Di altro avviso è Silvio Berlusconi: “se esiste un ‘Terzo Polo’ in Italia esso è costituito dal Movimento Cinque Stelle. Esiste poi una galassia di piccoli movimenti di centro, sedicenti liberali, ma orientati verso sinistra, che comunque non giocheranno alcun ruolo concreto”, dice, tornando poi su TikTok per spronare i giovani – “datevi da fare anche voi”, li esorta ripercorrendo alcune tappe dei suoi inizi, da contadino e cameriere a imprenditore – e promettere: “toglieremo tasse e contribuzioni per le aziende che vi assumono”.

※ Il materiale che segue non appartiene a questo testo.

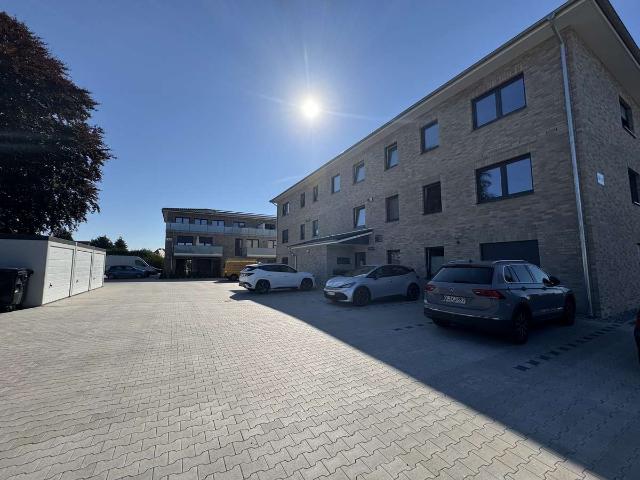 Lichtdurchflutete 3 Zimmer Penthousewohnung mit großzügiger Dachterrasse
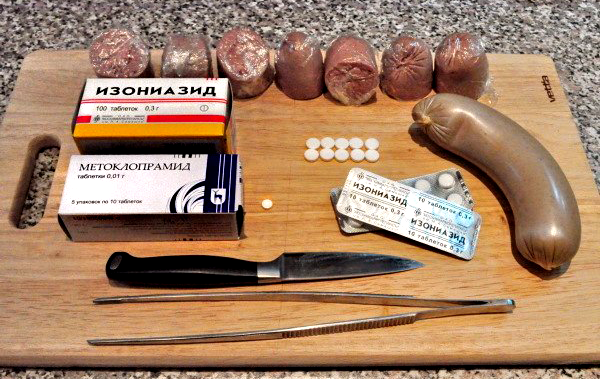 Неадекват в подъезде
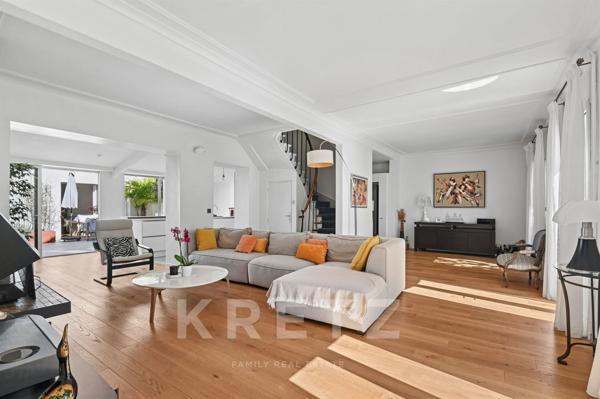 Maison familiale avec cour et patio arborés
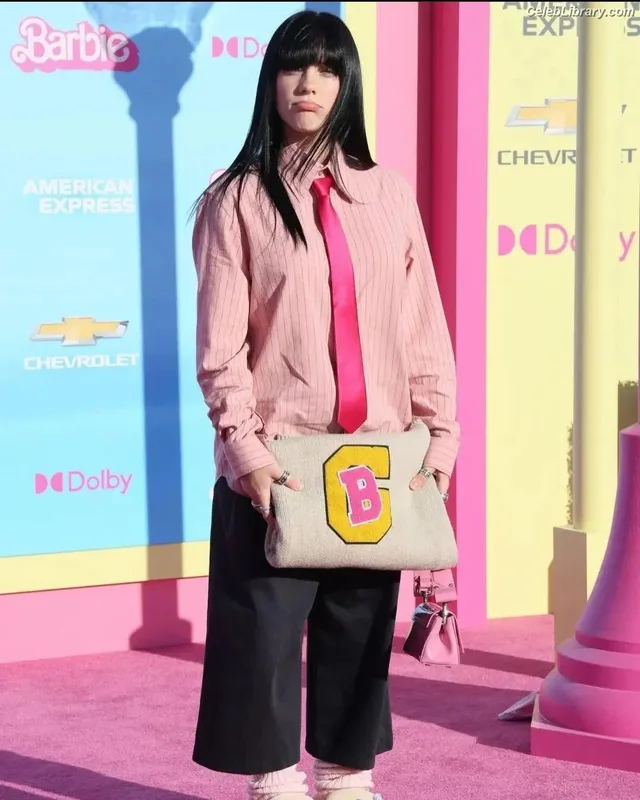 Billie Eilish photo 6 of 1846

Salvini punta sul caro bollette: subito decine miliardi di euro 

“Servono subito decine di miliardi di euro per bloccare gli aumenti del gas, i 30 miliardi che chiediamo da tempo probabilmente non bastano”: lo ha detto il segretario della Lega, Matteo Salvini, a Fano. “L’emergenza oggi in Italia sono le bollette di luce e gas – ha aggiunto -, occorre un intervento urgente dell’Italia e dell’Europa, altrimenti vinciamo le elezioni ed ereditiamo un milione di disoccupati”. Il leader del Carroccio è tornato a proporre il nucleare.

“Gli italiani – ha detto – penso che abbiamo voglia di libertà e indipendenza anche energetica e di pagare bollette meno care. Tutto il mondo – ha spiegato – sta investendo nel nucleare, non capisco perché non possa farlo anche il nostro Paese”. Infine, sul tema energia, Salvini ha proposto di estrarre gas dall’Adriatico, “i croati lo stanno già facendo”, ha aggiunto. “Diciamo la verità a chi ci ascolta: questa è una guerra, siamo in guerra, non c’è qualche problemino con le bollette per cui bisogna trovare 2-3 miliardi.

Se la Russia chiude i rubinetti, come sta facendo, non esiste tetto, rimedio se non un intervento europeo come durante il Covid, di alcune centinaia di miliardi di euro”. “Quando la Russia dice che chiude i rubinetti del gas perche’ reagisce a sanzioni europee, 30 miliardi non servono a niente – ha aggiunto il leader della Lega, Matteo Salvini, ospite di Controcorrente, su Rete4 -. Si può dire di abbassare il riscaldamento, di tenere in vigore l’ora legale, tutte cose interessanti, ma sappiamo di essere in guerra?”.